Parents and educational reform organizations plan to take to the streets on Sunday to urge the government to extend compulsory education to 12 years, the National Alliance of Parents Organizations (NAPO) said yesterday.
Alliance chairman Hsieh Kuo-ching (謝國清) told reporters that the organizations will gather at the National Taiwan Democracy Memorial Hall at 2pm on Sunday before rallying on Ketagalan Boulevard in front of the Presidential Office between 3pm and 6pm.
Hsieh said the demonstration is expected to attract between 5,000 and 10,000 parents and education activists in support of a free 12-year compulsory education system without entrance examinations.
Currently, Taiwan’s compulsory education only covers the first through ninth grade. Junior high school students usually have to take high school entrance examinations to pursue high school education.
“The public has reached a consensus that children cannot benefit from the current high school entrance examination system,” Hsieh said.
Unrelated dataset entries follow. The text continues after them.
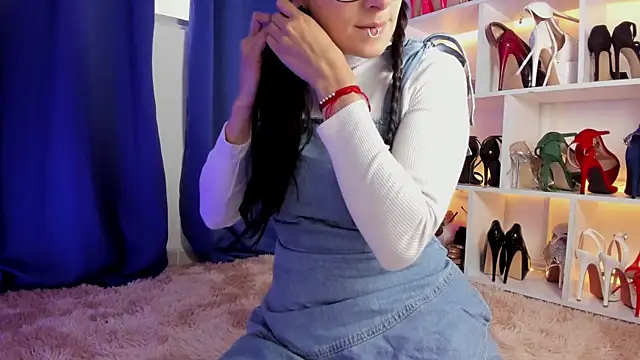 Snapshot of kariina__22 chatting on July 13, 2026, 10:42 pm kariina 22 online show from July 13, 2026, 10:42 pm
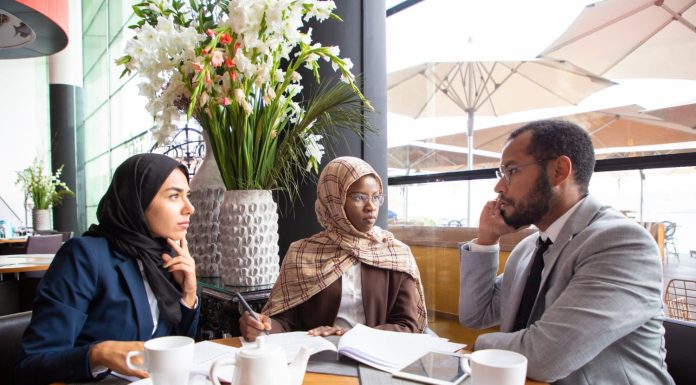 hukum ikhtilat di tempat kerja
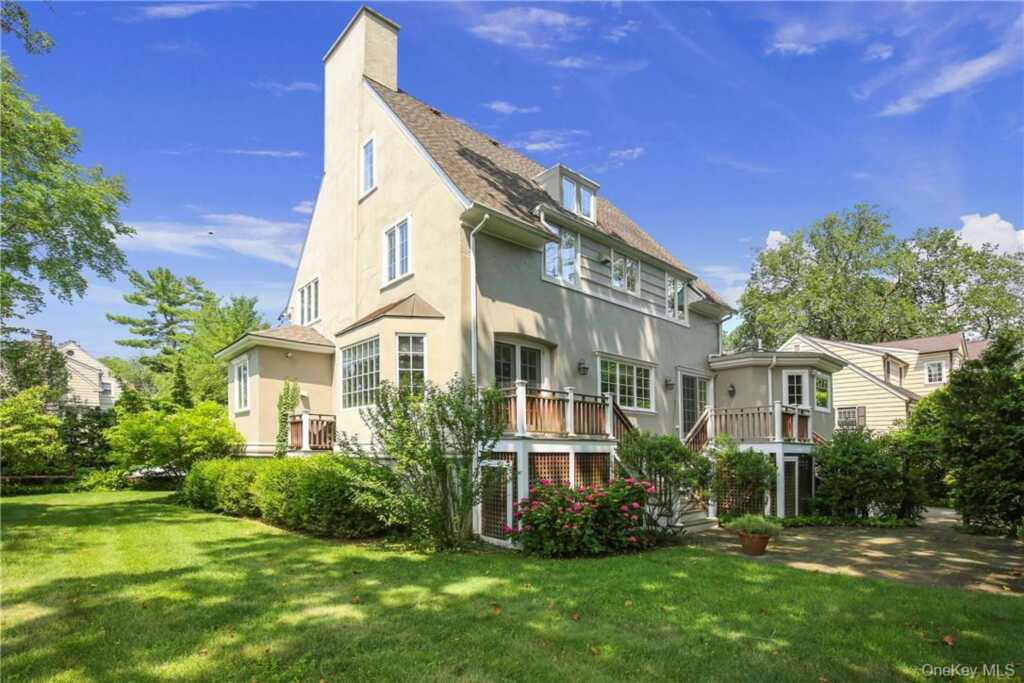 96 Mendota Avenue, Rye, NY 10580 - Photo 2 of 18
The Ministry of Education (MOE) said on Monday last week that it planned to reduce the number of high school entrance examinations from two to one per year starting in the 2012 school year.
The ministry also plans to gradually allow more junior high school students to apply directly to senior high schools instead of having to take part in the examinations, starting in the next academic year.
However, the NAPO said it was not satisfied with the MOE’s plan, partly because the ministry has yet to announce a timetable to make high school education free of charge.
Hsieh said the president or the premier had yet to make a public promise to grant government funding to support the extension of mandatory education from nine years to 12 years.
“The government would rather spend NT$12 billion [US$360.5 million] providing free school lunches to students than spend NT$17 billion to let students attend high school and vocational high school free of charge,” NAPO vice chairman Lin Wen-hu (林文虎) said.
“The government is not spending money on things that really matter,” Lin said.